M.Ö. 1000 yıllarında Orta İtalya’da, Roma şehri yakınlarında tarih sahnesine çıkan Latinler, otuz kadar şehir devletinde yaşıyorlardı. Roma da diğer halkların yanında, Latinleri de barındıran şehirlerden biriydi. Roma Krallığı genişleme, büyüme siyaseti takip etmeye başlayınca, M.Ö. 501 yılında Roma’yla, Latinler arasında başlayan savaşlar, M.Ö. 338 senesinde Roma’nın zaferiyle sonuçlandı. Latin beldelerinin katılmasından ve Latinlerin Roma vatandaşı olmasından itibaren Roma, Latin etkisine girdi.
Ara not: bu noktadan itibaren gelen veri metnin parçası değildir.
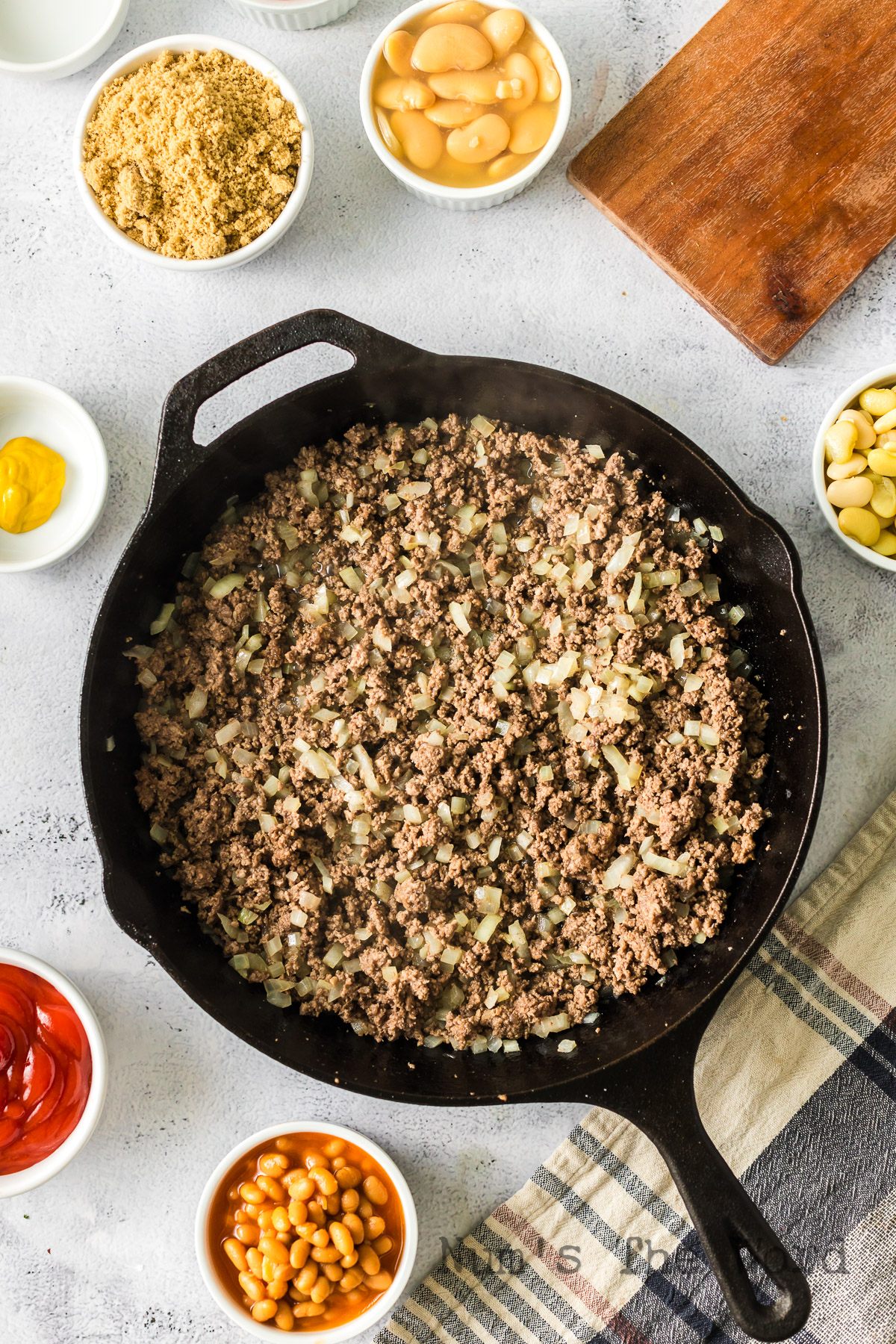 ground beef and onions cooked in skillet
Latin kültürü Roma’ya hâkim oldu. Latince Roma’nın tek dili hâline geldi, Romalılar, Latin dinini kabul ettiler. Roma’nın işgal ettiği coğrafyalarda, Latince baskın hâle geldi. İspanya, Portekiz ve Fransa, Roma’ya bağlı oldukları dönemde, Latincenin konuşulduğu ülkelere dönüştüler. Roma Hristiyanlığı kabul edince, kiliseler Latinceyi ibadet dili olarak benimsedi. Böylece Latince hem din hem de eğitim dili oldu. Germen akınlarına dayanamayan Roma yıkıldıktan sonra da Latincenin gücü devam etti. Hristiyanlığı kabul eden ilk Alman halkı olan Franklar, ileride Fransa adını alacak topraklara yerleşerek, zaman içinde yerli halkların konuştuğu Latinceyi konuşmaya başladılar.
Aynı gelişme İber yarımadasını işgal eden Cermen kabileleri içinde söz konusu oldu. Tabii bu süreç yüzyıllar aldı. 754 yılında Roma’da kurulan Papalık Devleti’nin resmî dil olarak kabul etmesi de Latincenin pozisyonunu güçlendirdi. Balkanlar dışında ve henüz Pagan olan halklar hariç, tüm Avrupa Katolik’ti. Papalık tek otoriteydi. Dolayısıyla Romanın hâkim olduğu topraklarda Latince baskın dil oldu. Roma sınırlarının kuzeyinde Latince konuşan yerli halklar olmadığından, Hristiyanlığı kabul eden Alman, Baltık ve İskandinav halkları dillerini, dolayısıyla kimliklerini korudular.
İspanya adına çıktığı seferde, Kristof Colomb’un Amerika kıtasını bulmasının sonrasında iki Latin ülke, İspanya ile Portekiz, kıtanın orta ve güney kısmını sömürgeleştirdi. Hayatta kalmayı başarabilen yerlilere, Katolik Hristiyanlığını, Latin dil ve kültürünü benimsettiler. Bugün Latin dünyası dendiğinde, iki sömürgeci güçle, sömürgeleştirilen memleketler kastedilmektedir.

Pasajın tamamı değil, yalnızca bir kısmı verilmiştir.